Take every line in the entries that includes the word "Long" and copy it.

>>

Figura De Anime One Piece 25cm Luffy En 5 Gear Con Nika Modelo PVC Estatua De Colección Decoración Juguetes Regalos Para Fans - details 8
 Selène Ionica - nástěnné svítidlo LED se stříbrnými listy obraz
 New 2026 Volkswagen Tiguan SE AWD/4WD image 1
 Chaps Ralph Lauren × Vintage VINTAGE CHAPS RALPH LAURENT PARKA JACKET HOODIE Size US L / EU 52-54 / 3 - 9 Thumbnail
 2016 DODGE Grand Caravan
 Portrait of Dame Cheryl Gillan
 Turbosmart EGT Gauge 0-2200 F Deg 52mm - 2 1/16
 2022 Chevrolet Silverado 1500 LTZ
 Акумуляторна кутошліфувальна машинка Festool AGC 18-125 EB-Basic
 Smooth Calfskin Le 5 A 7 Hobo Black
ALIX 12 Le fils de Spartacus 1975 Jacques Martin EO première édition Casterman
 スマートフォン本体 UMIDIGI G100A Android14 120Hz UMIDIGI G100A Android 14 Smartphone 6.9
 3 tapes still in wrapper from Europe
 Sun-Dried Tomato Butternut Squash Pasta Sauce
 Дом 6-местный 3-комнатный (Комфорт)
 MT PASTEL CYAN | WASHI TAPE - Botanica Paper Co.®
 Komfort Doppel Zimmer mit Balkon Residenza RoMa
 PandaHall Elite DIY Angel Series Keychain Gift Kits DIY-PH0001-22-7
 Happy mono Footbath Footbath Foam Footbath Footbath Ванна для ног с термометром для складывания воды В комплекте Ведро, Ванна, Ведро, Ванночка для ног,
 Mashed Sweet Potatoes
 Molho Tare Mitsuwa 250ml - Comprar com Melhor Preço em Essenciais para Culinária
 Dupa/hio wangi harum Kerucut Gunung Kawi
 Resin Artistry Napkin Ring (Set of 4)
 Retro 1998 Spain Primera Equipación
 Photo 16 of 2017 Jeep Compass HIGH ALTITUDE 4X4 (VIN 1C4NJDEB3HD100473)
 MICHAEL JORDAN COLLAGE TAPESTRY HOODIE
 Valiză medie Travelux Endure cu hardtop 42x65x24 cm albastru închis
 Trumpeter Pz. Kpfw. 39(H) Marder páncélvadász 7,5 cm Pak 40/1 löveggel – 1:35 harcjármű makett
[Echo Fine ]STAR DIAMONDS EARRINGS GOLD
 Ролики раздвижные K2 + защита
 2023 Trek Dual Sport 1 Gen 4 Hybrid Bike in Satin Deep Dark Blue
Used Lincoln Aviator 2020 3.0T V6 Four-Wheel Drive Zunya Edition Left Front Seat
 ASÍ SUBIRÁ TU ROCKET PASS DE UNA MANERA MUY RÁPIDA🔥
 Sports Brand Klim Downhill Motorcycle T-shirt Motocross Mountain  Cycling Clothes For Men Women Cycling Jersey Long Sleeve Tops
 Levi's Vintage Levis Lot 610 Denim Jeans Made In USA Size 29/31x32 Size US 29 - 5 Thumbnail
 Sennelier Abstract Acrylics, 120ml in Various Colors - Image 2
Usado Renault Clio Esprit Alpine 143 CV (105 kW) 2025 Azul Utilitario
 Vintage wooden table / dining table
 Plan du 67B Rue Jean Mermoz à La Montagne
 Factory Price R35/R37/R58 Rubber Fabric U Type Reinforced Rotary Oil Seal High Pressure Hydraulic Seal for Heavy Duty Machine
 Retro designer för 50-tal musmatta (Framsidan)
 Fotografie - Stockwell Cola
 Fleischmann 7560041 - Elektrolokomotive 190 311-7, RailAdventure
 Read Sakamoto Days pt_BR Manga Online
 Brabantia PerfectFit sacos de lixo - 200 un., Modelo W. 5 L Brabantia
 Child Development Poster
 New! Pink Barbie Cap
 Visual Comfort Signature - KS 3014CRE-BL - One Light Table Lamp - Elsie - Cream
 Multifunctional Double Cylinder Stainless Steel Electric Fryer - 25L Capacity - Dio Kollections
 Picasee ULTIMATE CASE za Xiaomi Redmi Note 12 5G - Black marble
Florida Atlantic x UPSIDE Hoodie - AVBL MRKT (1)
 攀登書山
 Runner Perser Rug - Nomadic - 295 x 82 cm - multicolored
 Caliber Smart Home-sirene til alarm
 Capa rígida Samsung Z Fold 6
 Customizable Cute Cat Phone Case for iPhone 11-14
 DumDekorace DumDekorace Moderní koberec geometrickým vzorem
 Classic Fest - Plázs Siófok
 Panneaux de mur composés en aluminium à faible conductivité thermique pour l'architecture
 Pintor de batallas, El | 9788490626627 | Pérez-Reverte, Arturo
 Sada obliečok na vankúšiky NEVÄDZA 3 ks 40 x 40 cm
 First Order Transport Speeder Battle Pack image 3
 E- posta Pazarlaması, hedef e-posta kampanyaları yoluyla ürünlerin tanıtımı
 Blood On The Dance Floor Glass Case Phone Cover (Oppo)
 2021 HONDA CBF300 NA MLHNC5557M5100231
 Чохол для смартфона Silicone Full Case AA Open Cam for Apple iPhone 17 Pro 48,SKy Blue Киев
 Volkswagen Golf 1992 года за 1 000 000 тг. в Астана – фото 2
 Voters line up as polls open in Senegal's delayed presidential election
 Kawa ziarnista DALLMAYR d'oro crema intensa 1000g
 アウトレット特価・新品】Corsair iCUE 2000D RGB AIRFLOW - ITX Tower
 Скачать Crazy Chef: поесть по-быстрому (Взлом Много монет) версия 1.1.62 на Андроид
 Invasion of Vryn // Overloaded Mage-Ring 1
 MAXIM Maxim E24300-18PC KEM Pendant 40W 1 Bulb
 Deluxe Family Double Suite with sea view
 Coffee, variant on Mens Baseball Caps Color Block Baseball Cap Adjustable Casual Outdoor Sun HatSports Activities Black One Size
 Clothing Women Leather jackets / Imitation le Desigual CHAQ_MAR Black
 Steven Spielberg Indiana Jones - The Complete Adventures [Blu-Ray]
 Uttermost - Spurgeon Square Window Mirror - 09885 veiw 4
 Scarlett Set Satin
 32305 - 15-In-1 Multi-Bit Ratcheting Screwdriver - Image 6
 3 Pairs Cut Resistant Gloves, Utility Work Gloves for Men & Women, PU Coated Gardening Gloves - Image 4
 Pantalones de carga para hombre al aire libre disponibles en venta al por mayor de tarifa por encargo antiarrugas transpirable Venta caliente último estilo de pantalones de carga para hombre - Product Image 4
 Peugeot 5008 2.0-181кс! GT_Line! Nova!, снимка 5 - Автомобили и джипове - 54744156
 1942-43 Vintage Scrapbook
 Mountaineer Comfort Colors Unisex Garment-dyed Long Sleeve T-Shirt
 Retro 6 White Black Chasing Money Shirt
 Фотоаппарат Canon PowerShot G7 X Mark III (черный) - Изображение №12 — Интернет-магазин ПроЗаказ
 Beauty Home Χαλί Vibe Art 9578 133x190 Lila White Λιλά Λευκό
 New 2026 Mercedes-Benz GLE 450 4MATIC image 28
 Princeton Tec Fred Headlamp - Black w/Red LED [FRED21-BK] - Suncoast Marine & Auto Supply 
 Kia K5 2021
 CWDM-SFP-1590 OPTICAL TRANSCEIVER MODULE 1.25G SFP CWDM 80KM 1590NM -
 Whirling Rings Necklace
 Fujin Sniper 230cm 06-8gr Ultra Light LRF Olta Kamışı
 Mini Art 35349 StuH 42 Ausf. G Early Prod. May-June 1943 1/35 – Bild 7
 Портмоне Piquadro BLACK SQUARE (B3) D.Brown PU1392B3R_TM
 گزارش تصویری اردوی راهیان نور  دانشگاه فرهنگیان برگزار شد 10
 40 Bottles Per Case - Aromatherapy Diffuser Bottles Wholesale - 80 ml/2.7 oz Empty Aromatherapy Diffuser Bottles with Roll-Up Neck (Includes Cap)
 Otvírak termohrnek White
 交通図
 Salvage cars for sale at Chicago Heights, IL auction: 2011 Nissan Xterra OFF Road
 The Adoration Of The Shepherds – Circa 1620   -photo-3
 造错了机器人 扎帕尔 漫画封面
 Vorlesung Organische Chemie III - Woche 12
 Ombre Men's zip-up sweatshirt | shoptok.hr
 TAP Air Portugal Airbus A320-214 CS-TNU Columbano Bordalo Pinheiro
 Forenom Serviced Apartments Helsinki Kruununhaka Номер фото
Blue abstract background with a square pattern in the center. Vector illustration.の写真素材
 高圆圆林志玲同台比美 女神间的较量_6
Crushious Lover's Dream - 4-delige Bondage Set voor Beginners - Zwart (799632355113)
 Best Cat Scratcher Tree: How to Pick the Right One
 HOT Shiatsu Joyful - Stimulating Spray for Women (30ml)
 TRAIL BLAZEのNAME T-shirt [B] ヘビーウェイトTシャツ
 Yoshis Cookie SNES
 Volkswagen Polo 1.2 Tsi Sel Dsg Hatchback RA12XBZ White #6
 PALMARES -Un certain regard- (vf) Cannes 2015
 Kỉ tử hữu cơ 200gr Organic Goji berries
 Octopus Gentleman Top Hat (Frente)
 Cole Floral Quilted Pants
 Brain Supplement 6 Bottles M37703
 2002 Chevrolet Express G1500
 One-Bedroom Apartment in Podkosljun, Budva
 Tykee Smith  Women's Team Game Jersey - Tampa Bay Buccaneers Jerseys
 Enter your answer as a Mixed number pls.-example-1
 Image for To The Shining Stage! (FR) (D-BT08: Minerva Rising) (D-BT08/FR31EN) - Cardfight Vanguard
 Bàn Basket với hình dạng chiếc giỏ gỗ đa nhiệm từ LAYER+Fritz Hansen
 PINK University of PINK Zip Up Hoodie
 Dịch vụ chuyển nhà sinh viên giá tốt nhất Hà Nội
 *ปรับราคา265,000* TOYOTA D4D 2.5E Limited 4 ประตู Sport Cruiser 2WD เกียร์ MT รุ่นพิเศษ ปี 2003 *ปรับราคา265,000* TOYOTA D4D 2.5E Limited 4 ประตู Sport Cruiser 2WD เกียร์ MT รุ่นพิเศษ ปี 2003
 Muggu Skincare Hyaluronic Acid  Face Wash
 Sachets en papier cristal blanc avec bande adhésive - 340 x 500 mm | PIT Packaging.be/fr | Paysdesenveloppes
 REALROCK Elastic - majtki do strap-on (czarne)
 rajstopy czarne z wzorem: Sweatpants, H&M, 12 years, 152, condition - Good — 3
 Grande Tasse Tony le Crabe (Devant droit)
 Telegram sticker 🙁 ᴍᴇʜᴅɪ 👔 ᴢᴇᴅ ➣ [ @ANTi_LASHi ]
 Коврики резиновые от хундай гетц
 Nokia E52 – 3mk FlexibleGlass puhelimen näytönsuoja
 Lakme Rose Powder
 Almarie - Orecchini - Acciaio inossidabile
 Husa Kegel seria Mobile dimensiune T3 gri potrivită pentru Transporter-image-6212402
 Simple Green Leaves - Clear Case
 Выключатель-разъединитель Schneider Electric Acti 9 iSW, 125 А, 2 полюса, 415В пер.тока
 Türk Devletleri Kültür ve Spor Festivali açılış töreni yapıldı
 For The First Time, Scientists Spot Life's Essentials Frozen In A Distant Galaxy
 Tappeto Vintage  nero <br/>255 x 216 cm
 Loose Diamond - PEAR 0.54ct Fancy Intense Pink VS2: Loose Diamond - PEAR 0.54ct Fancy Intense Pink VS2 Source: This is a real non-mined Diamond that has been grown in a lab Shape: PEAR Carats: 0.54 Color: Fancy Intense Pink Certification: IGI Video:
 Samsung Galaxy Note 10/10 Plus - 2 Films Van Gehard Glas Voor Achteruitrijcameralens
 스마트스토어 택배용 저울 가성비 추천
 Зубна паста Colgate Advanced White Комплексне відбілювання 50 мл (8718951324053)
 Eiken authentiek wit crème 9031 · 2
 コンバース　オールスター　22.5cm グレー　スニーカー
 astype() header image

<<

[RESPONSE BELOW]:
 Sports Brand Klim Downhill Motorcycle T-shirt Motocross Mountain  Cycling Clothes For Men Women Cycling Jersey Long Sleeve Tops
 Mountaineer Comfort Colors Unisex Garment-dyed Long Sleeve T-Shirt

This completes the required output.